Uzbekistan hosts a little over 4 mln hectares of arable land, equating to about 10.3% of the country’s land area, and on roughly 1 mln hectares of this land, cotton is grown. In a bid to increase domestic food production, last November President Mirziyoyev announced that 80,000 hectares of land for cotton would be re-allocated for food production. This is in line with the government’s plan to increase wheat production to 7.7 mln tons (up from 6.5 mln tons in 2020) and 23 mln tons of horticultural products. It was further announced that the Ministry of Agriculture will be tasked with reclaiming 100,000 hectares of agricultural land in order to further increase planting area.
In April, the government also proposed extending the exemption of value-added tax (VAT) on imported foodstuffs through the remainder of 2022 in order to decrease domestic prices and counteract rising inflationary pressures. The VAT exemption will cover meat, oilseeds, butter, and a variety of horticultural products.
While we are anxiously waiting for some food processors and dried fruit companies to IPO (we believe they will in due course as the capital markets develop further, making it easier for companies to raise larger amounts of capital), in the meantime, we believe Uzbekistan is well-positioned in the current global environment of rising protectionism and resource nationalism. Uzbekistan continues to impress us with its semi-protectionist policies and focus on decreasing reliance on the global economy for its economic and social stability. Certainly taboo in the context of “pro-globalisation”, we don’t think it would be unlikely to see countries following in Uzbekistan’s footsteps over the coming years as the battle to secure resources and bolster domestic supply chains goes mainstream; this is one of the key ingredients to Uzbekistan maintaining social stability and allowing the government to focus on growth and further liberalization initiatives. We continue to remain optimistic about Uzbekistan and believe now is the time to be involved in the country’s growth story as the proverbial train is only just leaving the station.

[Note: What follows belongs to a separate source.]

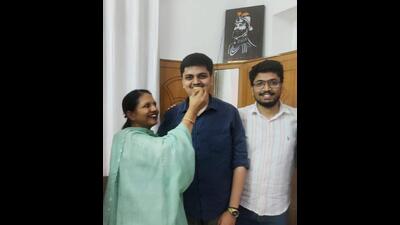 Umesh Goyal (centre) celebrating with family in Ludhiana on Monday. (HT Photo) Umesh Goyal (centre) celebrating with family in Ludhiana on Monday. (HT Photo)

At the end of April 2022, the fund was invested in 28 names and held 8.0% in cash. The portfolio was allocated to Uzbekistan (91.93%) and Kyrgyzstan (0.04%). The sectors with the largest allocation of assets were materials (53.0%) and financials (23.2%). The fund’s estimated weighted harmonic average trailing 12 months P/E ratio (only companies with profit) was 6.09x, the estimated weighted harmonic average P/B ratio was 1.29x, and the estimated weighted average portfolio dividend yield was 4.68%.